[Captioned web image data]
──────────
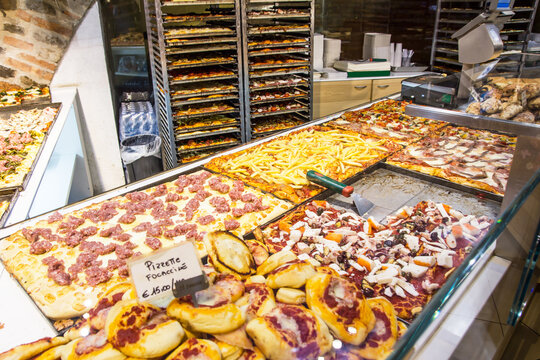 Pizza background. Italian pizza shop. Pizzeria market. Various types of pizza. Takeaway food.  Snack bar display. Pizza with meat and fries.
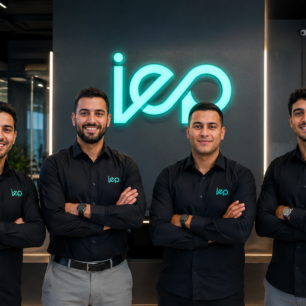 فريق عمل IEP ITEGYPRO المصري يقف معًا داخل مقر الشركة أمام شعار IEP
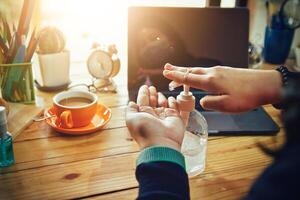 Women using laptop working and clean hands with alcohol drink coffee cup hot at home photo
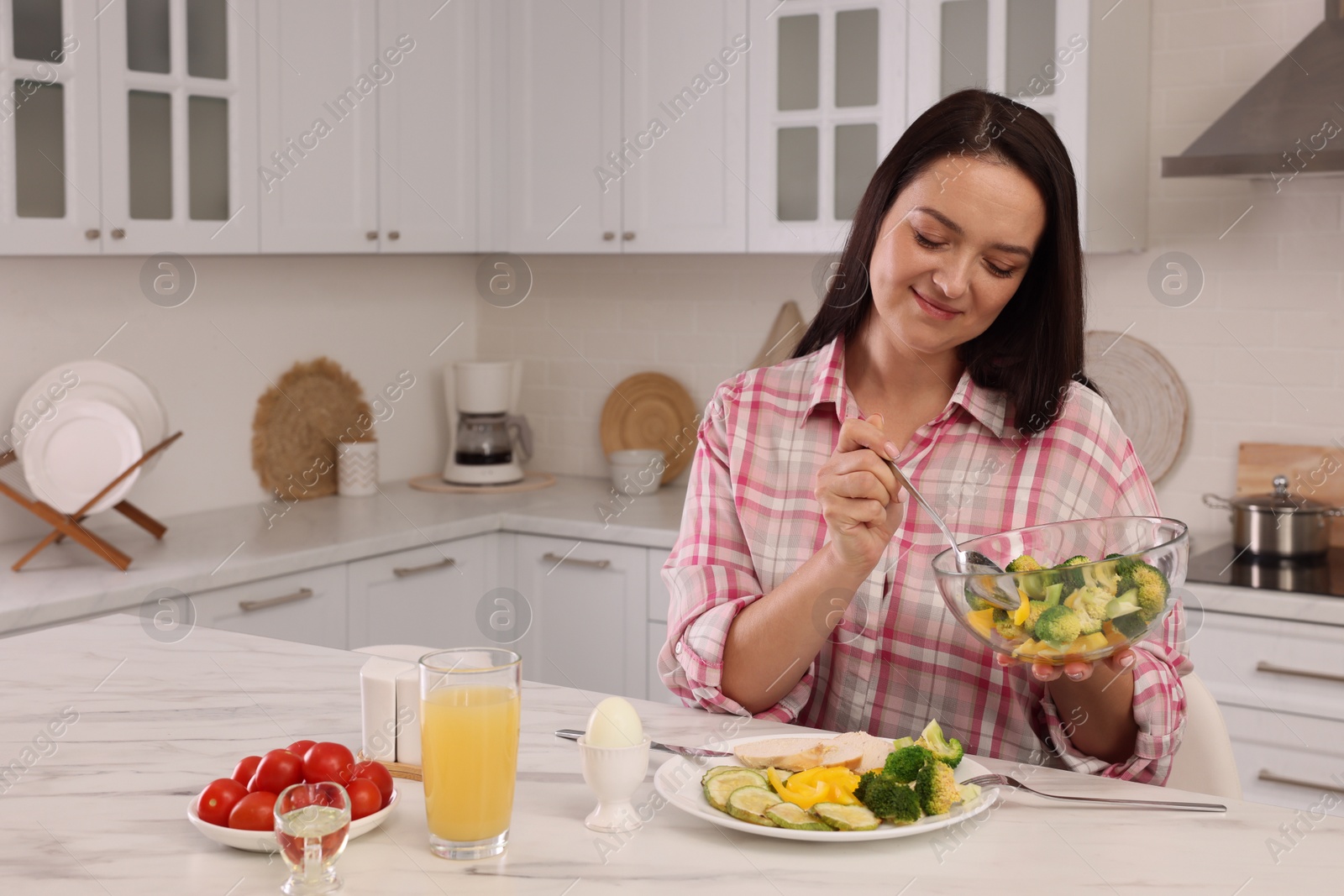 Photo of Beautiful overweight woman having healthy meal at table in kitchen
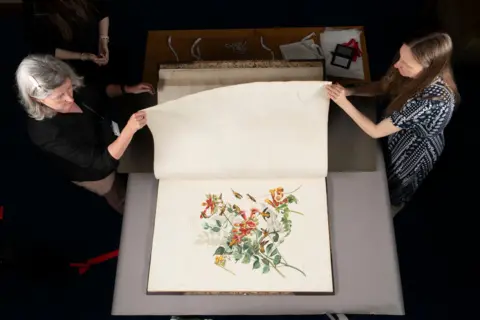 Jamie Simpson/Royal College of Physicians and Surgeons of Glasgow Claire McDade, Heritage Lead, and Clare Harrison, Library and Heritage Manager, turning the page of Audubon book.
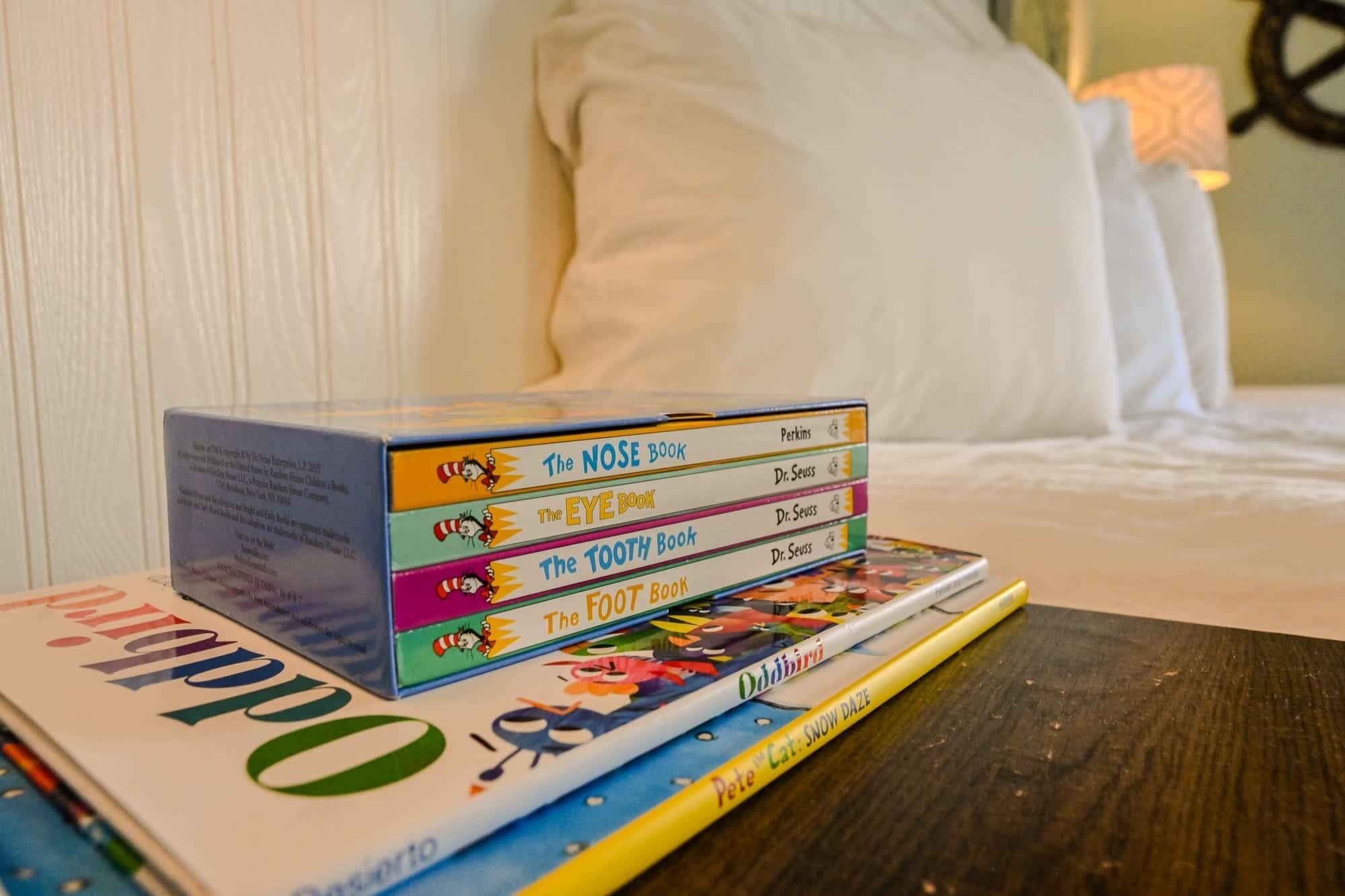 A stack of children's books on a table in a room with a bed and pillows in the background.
──────────
## Your objective
Could you repeat all of the data exactly, minus the pictures?

## Output of the task
 Pizza background. Italian pizza shop. Pizzeria market. Various types of pizza. Takeaway food.  Snack bar display. Pizza with meat and fries.
 فريق عمل IEP ITEGYPRO المصري يقف معًا داخل مقر الشركة أمام شعار IEP
 Women using laptop working and clean hands with alcohol drink coffee cup hot at home photo
 Photo of Beautiful overweight woman having healthy meal at table in kitchen
 Jamie Simpson/Royal College of Physicians and Surgeons of Glasgow Claire McDade, Heritage Lead, and Clare Harrison, Library and Heritage Manager, turning the page of Audubon book.
 A stack of children's books on a table in a room with a bed and pillows in the background.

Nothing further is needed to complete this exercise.